Raymond Yeung, a teacher at Diocesan Girls' School who taught liberal studies had not had his contract renewed by the school after he got shot in the eye during protests last year. He said that his teaching career at the school would end at 31 August. He did not instantly disagree with the results, as he considered his eye injury would lead to his ability to correct assignments to decrease and to diminish his teaching quality which he expected. He agreed that his participation in the social movement would increase awareness by the media. For the time being, he would write books which is related to his personal accounts of the protest. He has taught at the school for 4 years.

=== 20 June ===
A poll organized by thirty labour unions including those representing public sector staff, aiming to call for a citywide work strike to halt the national security law legislation, failed as only 8,943 ballots were cast while 60,000 would have been needed. A class boycott for students would also not go ahead, due to failing to collect enough physical votes. Previously on 7 June, a government spokesperson had indirectly referred to the referendum as "meaningless activities" and that related efforts had, in part, been "intentionally misleading or inciting students".

=== 21 June ===
According to a statement of Tam Yiu-chung to media, legal consequences relating to the National Security Law would be approximately 3 years for minor incidents, 5 to 10 years for others, which was similar to Hong Kong's criminal law. He further said that it was unlikely that the new law would be applied retroactively.

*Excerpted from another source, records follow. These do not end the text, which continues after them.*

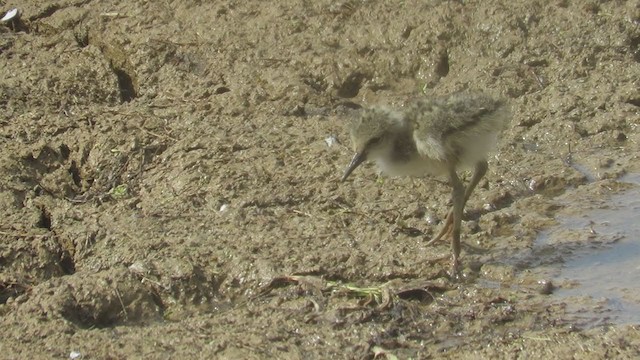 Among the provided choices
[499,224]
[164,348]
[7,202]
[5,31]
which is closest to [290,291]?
[164,348]

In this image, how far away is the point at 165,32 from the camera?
8719 millimetres

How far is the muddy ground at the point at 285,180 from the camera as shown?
5738 mm

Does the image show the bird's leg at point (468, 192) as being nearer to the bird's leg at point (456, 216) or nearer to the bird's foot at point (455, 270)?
the bird's leg at point (456, 216)

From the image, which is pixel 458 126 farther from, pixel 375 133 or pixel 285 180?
pixel 285 180

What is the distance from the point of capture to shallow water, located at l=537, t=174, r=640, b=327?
5.88 m

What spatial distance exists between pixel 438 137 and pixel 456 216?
1.50ft

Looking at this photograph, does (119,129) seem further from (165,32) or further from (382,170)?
(382,170)

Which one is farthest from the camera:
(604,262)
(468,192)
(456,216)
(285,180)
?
(285,180)

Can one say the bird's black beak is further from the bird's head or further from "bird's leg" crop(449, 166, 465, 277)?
"bird's leg" crop(449, 166, 465, 277)

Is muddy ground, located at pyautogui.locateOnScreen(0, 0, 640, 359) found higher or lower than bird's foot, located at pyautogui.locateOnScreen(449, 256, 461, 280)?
higher

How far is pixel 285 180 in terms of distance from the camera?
7.18 metres

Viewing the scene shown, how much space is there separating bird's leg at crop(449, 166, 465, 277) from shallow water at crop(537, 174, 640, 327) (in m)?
0.55

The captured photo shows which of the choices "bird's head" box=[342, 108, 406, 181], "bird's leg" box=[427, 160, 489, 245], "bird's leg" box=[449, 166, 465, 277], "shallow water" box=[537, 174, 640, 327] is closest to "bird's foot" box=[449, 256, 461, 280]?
"bird's leg" box=[449, 166, 465, 277]

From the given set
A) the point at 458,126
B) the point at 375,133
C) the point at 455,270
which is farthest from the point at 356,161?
the point at 455,270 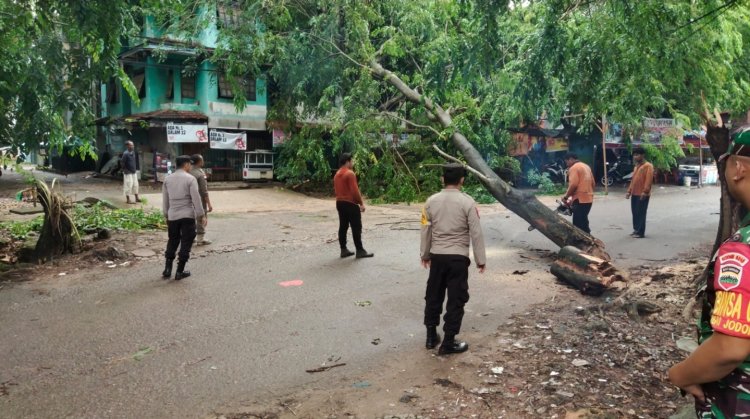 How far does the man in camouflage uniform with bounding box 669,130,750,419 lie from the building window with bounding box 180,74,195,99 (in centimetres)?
2188

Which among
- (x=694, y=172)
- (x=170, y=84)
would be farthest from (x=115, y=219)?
(x=694, y=172)

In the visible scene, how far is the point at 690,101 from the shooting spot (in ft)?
26.5

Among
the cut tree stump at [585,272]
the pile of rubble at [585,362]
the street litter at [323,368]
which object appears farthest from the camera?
the cut tree stump at [585,272]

==== International response: Japan ====
According to the Financial Times, Tokyo seeks to lure professional talent and business opportunities to boost Tokyo's competitiveness in East Asia. Japan could use this opportunity to make Tokyo a valid rival to Hong Kong as Hong Kong had been involved in protest incidents throughout the year. Japan is considering visa waivers, tax advice and free office space for asset managers, traders and bankers from Hong Kong in a campaign to cast Tokyo as the best exit strategy should a crisis force them out of the semi-autonomous territory.

=== 22 June ===

==== European Union response ====
In the EU-China Summit, European Union warned China that it considered the proposed security law to be a breach of Beijing's international commitments. European Commission president Ursula von der Leyen and European Council chief Charles Michel told Paramount leader Xi Jinping and Premier Li Keqiang of their "grave concern" over the new law.

==== Vertical protest banner unfurled on Lion Rock ====
A 30-meter black-with-white-font vertical protest banner found unfurled on Lion Rock called for Hong Kong citizens to "Fight Against Diabolical Law: Head To the Street On July 1" (「七一上街抗惡法」).

=== 23 June ===

==== European Union response ====
European Commission president Ursula von der Leyen and European Council chief Charles Michel expressed their "grave concern" over China's new national security law that will soon enacted in Hong Kong, which critics say will hurt Hong Kong's autonomy and freedoms.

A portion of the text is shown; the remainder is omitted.